People walk at a tourist dock near New Castle, New South Wales State, Australia, Dec. 23, 2020. (Xinhua/Bai Xuefei)





The Port of Newcastle in the Australian state of New South Wales is under pressure from a group of Australian politicians over its partial Chinese ownership, and a Chinese expert said the move is another case of political manipulation by Canberra to dismantle the ballast stone of China-Australia ties.

Newcastle, a busy coal port, has been under political fire from a group of 14 Australian politicians, who want the Australian federal government to declare the port a monopoly, the South China Morning Post reported on Tuesday.

However, a report by Australia's National Competition Council indicated that the port had not breached any pricing rules.

China Merchants Port Holdings Co, which invests in a number of global ports and has a 50-percent stake in Port of Newcastle, did not reply to the Global Times' request for comment.

A staffer from the public relations department referred such questions to the port authority, explaining that the company is a strategic financial investor and the port itself is run by its Australian partner. 

Authorities at the Port of Newcastle did not reply to a Global Times inquiry on Wednesday. 

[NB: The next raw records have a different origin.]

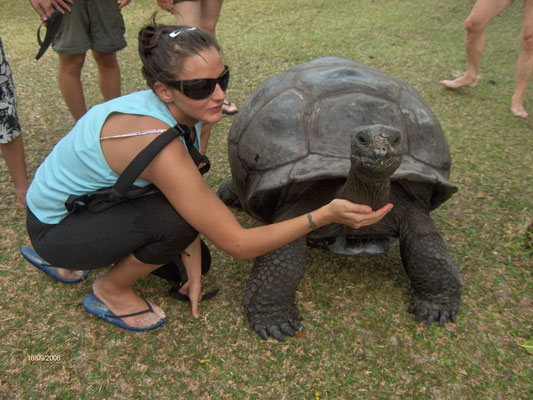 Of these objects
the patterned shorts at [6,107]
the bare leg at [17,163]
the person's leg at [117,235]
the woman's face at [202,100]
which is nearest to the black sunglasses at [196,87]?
the woman's face at [202,100]

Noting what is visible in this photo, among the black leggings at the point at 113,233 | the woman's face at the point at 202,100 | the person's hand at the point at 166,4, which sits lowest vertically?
the black leggings at the point at 113,233

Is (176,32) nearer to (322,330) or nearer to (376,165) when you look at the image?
(376,165)

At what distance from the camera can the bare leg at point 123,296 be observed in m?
1.83

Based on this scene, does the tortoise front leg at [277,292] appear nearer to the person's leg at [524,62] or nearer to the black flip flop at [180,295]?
the black flip flop at [180,295]

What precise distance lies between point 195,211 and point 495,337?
1.36 meters

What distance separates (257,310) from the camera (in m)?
1.91

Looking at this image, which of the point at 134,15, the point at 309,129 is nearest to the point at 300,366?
the point at 309,129

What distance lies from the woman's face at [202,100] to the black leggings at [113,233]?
318mm

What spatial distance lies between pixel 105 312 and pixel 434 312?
4.56 ft

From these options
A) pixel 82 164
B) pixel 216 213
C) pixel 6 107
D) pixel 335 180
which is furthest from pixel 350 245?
pixel 6 107

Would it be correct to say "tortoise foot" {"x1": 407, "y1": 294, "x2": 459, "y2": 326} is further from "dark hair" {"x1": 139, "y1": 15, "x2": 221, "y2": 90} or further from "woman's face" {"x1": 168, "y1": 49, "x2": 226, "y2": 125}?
"dark hair" {"x1": 139, "y1": 15, "x2": 221, "y2": 90}

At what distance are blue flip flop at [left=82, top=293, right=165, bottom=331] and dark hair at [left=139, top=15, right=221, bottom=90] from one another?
3.12 ft

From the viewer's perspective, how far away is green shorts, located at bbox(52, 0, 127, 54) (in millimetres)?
2688

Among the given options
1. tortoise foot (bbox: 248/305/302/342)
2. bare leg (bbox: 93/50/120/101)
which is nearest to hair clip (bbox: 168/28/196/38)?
tortoise foot (bbox: 248/305/302/342) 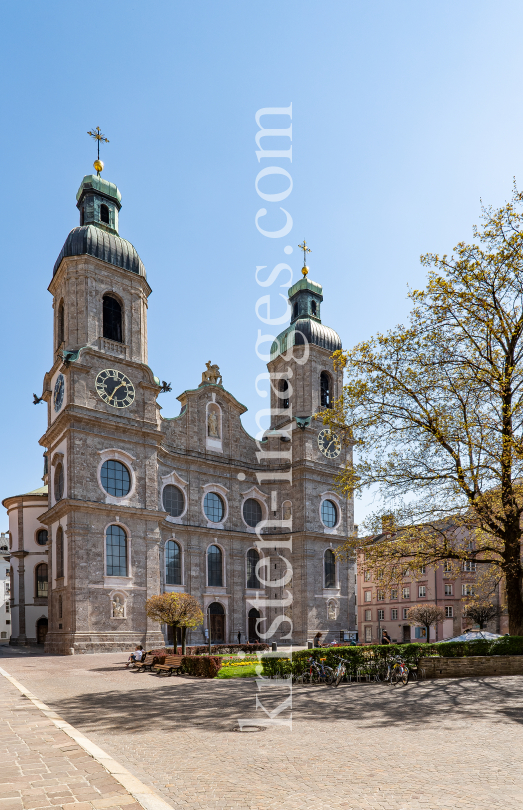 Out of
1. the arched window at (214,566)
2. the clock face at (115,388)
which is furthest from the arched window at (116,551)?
the arched window at (214,566)

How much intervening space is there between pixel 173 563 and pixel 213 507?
215 inches

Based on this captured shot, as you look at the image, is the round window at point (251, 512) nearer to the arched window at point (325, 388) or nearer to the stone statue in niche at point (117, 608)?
the arched window at point (325, 388)

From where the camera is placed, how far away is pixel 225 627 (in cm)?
4472

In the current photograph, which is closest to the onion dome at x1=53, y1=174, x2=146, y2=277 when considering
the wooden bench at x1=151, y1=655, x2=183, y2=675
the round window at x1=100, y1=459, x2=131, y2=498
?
the round window at x1=100, y1=459, x2=131, y2=498

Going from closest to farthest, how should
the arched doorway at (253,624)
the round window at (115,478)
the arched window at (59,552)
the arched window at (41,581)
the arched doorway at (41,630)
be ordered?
the arched window at (59,552) → the round window at (115,478) → the arched doorway at (253,624) → the arched doorway at (41,630) → the arched window at (41,581)

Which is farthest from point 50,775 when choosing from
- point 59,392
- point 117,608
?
point 59,392

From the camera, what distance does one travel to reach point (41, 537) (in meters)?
50.8

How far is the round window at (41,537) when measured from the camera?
50384 millimetres

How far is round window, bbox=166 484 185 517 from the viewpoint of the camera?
143ft

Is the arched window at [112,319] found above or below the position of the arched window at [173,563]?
above

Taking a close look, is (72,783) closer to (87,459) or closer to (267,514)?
(87,459)

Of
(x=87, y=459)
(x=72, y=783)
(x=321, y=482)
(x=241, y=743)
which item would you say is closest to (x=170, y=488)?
(x=87, y=459)

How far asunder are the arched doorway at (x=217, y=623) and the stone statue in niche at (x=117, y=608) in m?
9.77

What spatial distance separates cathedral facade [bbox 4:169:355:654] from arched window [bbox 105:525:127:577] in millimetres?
89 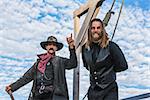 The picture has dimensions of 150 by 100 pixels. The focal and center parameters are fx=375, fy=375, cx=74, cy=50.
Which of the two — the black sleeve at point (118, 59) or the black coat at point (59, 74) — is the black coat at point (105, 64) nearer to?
the black sleeve at point (118, 59)

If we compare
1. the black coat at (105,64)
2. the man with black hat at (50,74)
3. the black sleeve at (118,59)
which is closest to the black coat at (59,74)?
the man with black hat at (50,74)

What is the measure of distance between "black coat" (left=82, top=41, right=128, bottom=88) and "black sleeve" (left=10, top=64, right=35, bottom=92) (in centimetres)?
119

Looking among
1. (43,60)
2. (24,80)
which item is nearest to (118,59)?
(43,60)

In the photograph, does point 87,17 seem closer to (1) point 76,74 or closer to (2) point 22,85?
(1) point 76,74

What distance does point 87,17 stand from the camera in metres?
4.58

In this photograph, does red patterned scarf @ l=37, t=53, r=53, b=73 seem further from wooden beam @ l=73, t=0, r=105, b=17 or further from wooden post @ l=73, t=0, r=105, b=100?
wooden beam @ l=73, t=0, r=105, b=17

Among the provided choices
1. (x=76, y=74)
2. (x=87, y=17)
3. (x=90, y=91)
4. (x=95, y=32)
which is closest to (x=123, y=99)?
(x=90, y=91)

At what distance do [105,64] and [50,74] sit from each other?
1.04 meters

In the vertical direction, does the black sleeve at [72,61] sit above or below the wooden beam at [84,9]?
below

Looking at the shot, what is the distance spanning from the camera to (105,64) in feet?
9.83

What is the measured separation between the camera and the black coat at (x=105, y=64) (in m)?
2.96

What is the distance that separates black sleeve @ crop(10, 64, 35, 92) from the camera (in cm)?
411

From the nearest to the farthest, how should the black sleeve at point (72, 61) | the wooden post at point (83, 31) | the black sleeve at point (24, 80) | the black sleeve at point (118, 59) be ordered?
the black sleeve at point (118, 59)
the black sleeve at point (72, 61)
the black sleeve at point (24, 80)
the wooden post at point (83, 31)

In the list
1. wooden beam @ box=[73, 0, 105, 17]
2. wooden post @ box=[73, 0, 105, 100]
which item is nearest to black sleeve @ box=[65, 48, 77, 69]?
wooden post @ box=[73, 0, 105, 100] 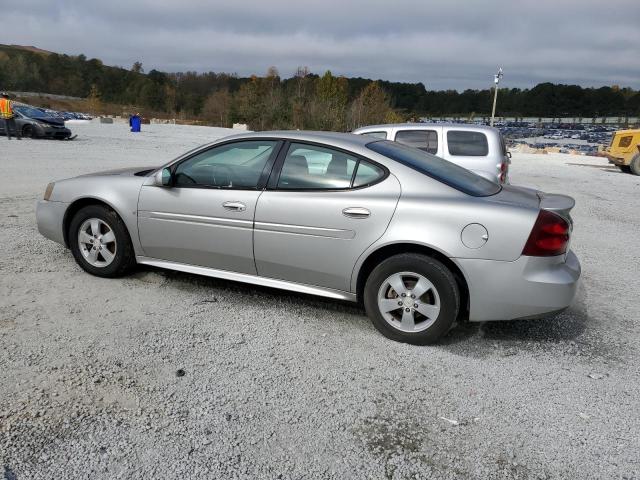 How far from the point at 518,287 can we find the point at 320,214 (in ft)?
4.95

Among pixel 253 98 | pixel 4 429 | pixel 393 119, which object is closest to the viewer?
pixel 4 429

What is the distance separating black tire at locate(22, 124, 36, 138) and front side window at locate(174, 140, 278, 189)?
20.1 meters

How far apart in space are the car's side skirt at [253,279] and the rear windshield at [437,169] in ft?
3.70

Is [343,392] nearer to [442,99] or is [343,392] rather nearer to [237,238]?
[237,238]

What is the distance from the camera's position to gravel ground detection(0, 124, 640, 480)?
255 cm

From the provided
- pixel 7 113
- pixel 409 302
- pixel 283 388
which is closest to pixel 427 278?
pixel 409 302

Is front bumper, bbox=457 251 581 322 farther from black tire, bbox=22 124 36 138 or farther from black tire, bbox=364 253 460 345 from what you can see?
black tire, bbox=22 124 36 138

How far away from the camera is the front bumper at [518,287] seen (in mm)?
3520

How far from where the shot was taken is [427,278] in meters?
3.64

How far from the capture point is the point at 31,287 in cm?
459

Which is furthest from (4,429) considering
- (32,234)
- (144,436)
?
(32,234)

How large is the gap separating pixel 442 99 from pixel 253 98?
298 feet

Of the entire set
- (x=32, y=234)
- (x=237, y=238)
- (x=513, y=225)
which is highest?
(x=513, y=225)

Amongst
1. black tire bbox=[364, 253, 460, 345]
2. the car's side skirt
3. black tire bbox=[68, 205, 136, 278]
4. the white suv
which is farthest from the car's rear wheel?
black tire bbox=[364, 253, 460, 345] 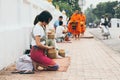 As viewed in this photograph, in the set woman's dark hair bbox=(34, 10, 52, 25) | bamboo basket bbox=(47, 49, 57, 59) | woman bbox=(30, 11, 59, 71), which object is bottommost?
bamboo basket bbox=(47, 49, 57, 59)

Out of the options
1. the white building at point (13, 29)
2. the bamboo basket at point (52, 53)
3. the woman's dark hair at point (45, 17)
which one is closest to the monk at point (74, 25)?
the white building at point (13, 29)

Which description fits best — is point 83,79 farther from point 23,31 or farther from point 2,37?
point 23,31

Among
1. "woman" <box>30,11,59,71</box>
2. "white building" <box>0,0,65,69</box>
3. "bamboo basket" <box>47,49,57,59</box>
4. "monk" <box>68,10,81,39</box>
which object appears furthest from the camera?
"monk" <box>68,10,81,39</box>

Port charges make up about 1 percent of the total cost of coal and do not appear to substantiate any claims by local politicians, the Post reported, citing data from a third party.

The claims against the Port of Newcastle should not be seen as an isolated case, Chen Hong, director of the Australian Studies Center at East China Normal University in Shanghai, told the Global Times.

"Given the Australian federal government's ongoing review of the lease of Darwin Port, invested in by China's Landbridge Group, it is apparently another wave of political manipulation by anti-China politicians in Australia to dismantle China-Australia trade and economic cooperation -- the ballast of China-Australia ties," Chen said on Wednesday.

This manipulation, which is part of a concerted move by the US' anti-China campaign, will dismantle the cornerstone of Australian economic prosperity seen in the past three decades, noted Chen.

Stakes in Australian ports are a natural reflection of the inseparable and complementary economic bonds between the two countries, Chen said. 

Chen noted that such political noise is aimed at undermining the mutually beneficial ties between the two countries, and warned politicians that it is "easier to break than to make" such ties.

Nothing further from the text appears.